MGjr Climate 2012-2013
Just because it is all hopeless
does not mean that you give up.
You go on —
to save your honor —
so to keep your self-respect.
Everything that I believe about humans facing Climate Change is stated here.
Earth’s climate was sacrificed in the 40 years from 1973 to 2013,
thereafter was the Kali Yuga.
“By protecting others, you save yourself.”
The Righteous And The Heathens Of Climate And Capitalism
[Swans.com – March 12, 2012]
Can humanity unite to stop Climate Change?
No, and it is too late. The time to have changed industrialization to halt global warming was 1973 in response to the first Arab oil embargo, but that opportunity was spurned. (1)
There is a thirty-year lag between the emission of carbon dioxide into the atmosphere and its effect on climate dynamics. Today’s climate is being affected by 1980s emissions. Today’s emissions will alter the climate of the decade of the 2040s. The climate system is a myriad of interwoven processes described by nonlinear differential equations; so, the evolution of climate could have a sudden shift from its current global pattern of stability to another as yet unknown and possibly quite undesirable pattern of stability, when the concentration of atmospheric carbon dioxide rises above an as yet unknown triggering threshold. (2)
Humanity will not alter course. You can bank on every graspable barrel of oil, and every accessible cubic meter of natural gas being burned. There will always be someone somewhere who will not want to miss out on the advantages of possessing and using fossil fuel immediately to increase their power and wealth (in all the forms in which those two temporal quantities can be accumulated). The impossibility of global cooperation to arrest the anthropogenic emission of heat-trapping gases and vapors is the psychology described by the Prisoner’s Dilemma. (3)
We do not have a Climate Change problem, nor even an unregulated capitalism problem. We have a human development problem. Humanity is insufficiently developed to conduct itself equitably and in harmony with nature. Species come and go, and humanity’s prospects of long-term survival are as uncertain as its likelihood of developing the advanced social behavior needed to adapt to an emerging new climate.

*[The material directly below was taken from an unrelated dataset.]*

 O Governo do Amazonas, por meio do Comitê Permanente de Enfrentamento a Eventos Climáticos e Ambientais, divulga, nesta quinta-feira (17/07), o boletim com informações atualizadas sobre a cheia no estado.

Nature will continue.
Just as the dinosaurs of the Cretaceous were insufficiently developed to anticipate the arrival of extraterrestrial rocks, and to devise rocket-borne interceptors to destroy the 10-km-wide bolide that would fall to earth creating the Chicxulub Crater and an environmental catastrophe lasting years, which caused their extinction 65 million years ago, (4) so humanity today is psychologically underdeveloped to anticipate the emergence of a new equilibrium state of earth’s climate, which will result from shifts of atmospheric and ocean currents, the quantity and distribution of ice, the degree of humidity, and the abundance of liquid water. This climate shift will be (is being) caused by the accommodation of excess heat trapped in vaporous organic compounds and molecular gases released into the atmosphere primarily during the 20th century as waste products of industrialization and as a consequence of natural outgassing from warming oceans, tundras, and land masses. (5)
Our problem is one of revising an entire system — industrialization — by which modern human society exploits exosomatic energy. Industrialization may seem as complex and convoluted a system in the realm of human affairs as the earth’s climate is in the natural realm (to which humanity also belongs, though it usually forgets this). It is the sophistication and extent of our exploitation of exosomatic energy (i.e., energy from outside the human body), rather than our use of tools, that distinguishes humankind from the other forms of life on earth.

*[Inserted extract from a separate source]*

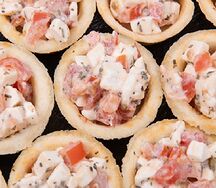 Тарталетки с Фетой и эстрагоном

We know humanity has a direct impact on climate — industrialization heats the biosphere — but our quantitative knowledge of the sensitivity of climate dynamics to anthropogenic inputs is never exact, though it is extensive, highly detailed, of increasing precision, and compellingly persuasive. It is beyond a reasonable doubt. (6)
New knowledge always confronts psychological resistance to altering human inertia: we resist thinking and behaving differently, especially religiously, politically, and economically.

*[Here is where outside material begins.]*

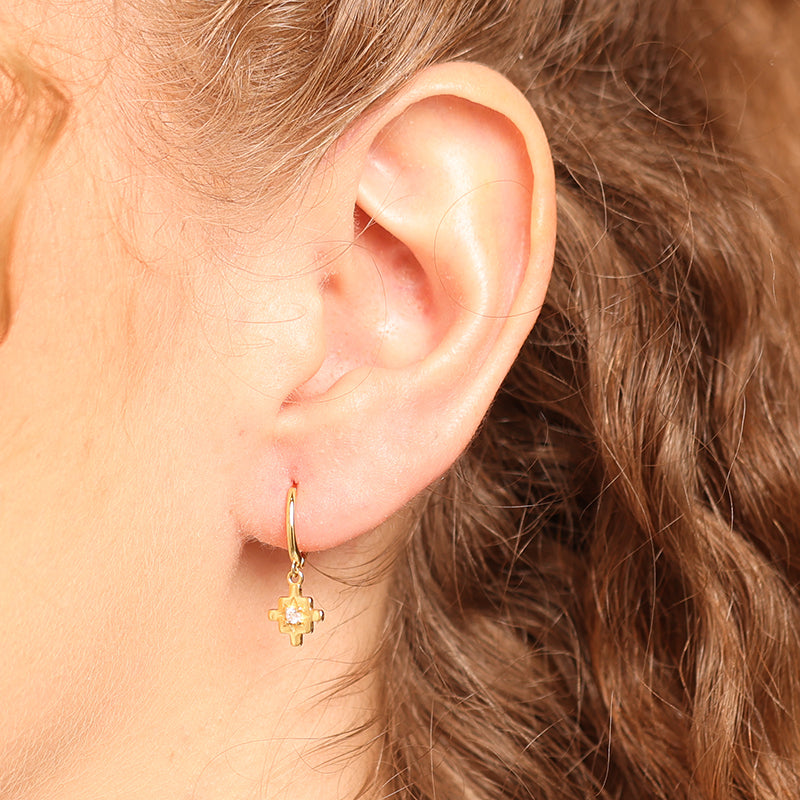 AZTEK CHINDI EARRINGS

People are accustomed to assuming that climate and weather are constants, that environmental conditions have long-term stability with known regional variations, known seasonal cycles, and which occur within known short-term fluctuations. Our economic activity is based on a traditional and limited set of expectations about local weather and climate, in the same way as we walk with unthinking assuredness on ground we always expect to solidly support us. We do not wish to change our industrialized economic behaviors to “pay more,” or even “pay for” the consequences of our many forms of self absorption called “business,” until forced by external conditions that no longer support our preferred assumptions.
There is a certain moralistic resentment here. Those who are willing to sacrifice “pleasure” today in order to contribute to the “good of society” resent those who remain profligate and “liberal.”
Climate moralists resent the selfish capitalists, the Republican climate-change deniers and the modern “drill baby, drill!” neoliberals. These latter in turn hate the climate evangelists for trying to force their climate religion down neoliberal throats, and for calling to cut off capitalism’s rapturous resource exploitation orgies.
The resentment of climate missionaries by heathen capitalists is mirrored by the resentment of religious fundamentalists and political reactionaries, who seek to forcibly evangelize the atheist and “liberal” masses to “conservative” psychological repressions and monetary obsessions, instead of having their orgies of free sex, free thought, free drugs, free abortions, and socialist politics. Like an American Taliban, these atavistic fundamentalists resent missing out on all the good fun the unrepressed leftist sinners are having; they can only find satisfaction by shutting down the good times for everybody.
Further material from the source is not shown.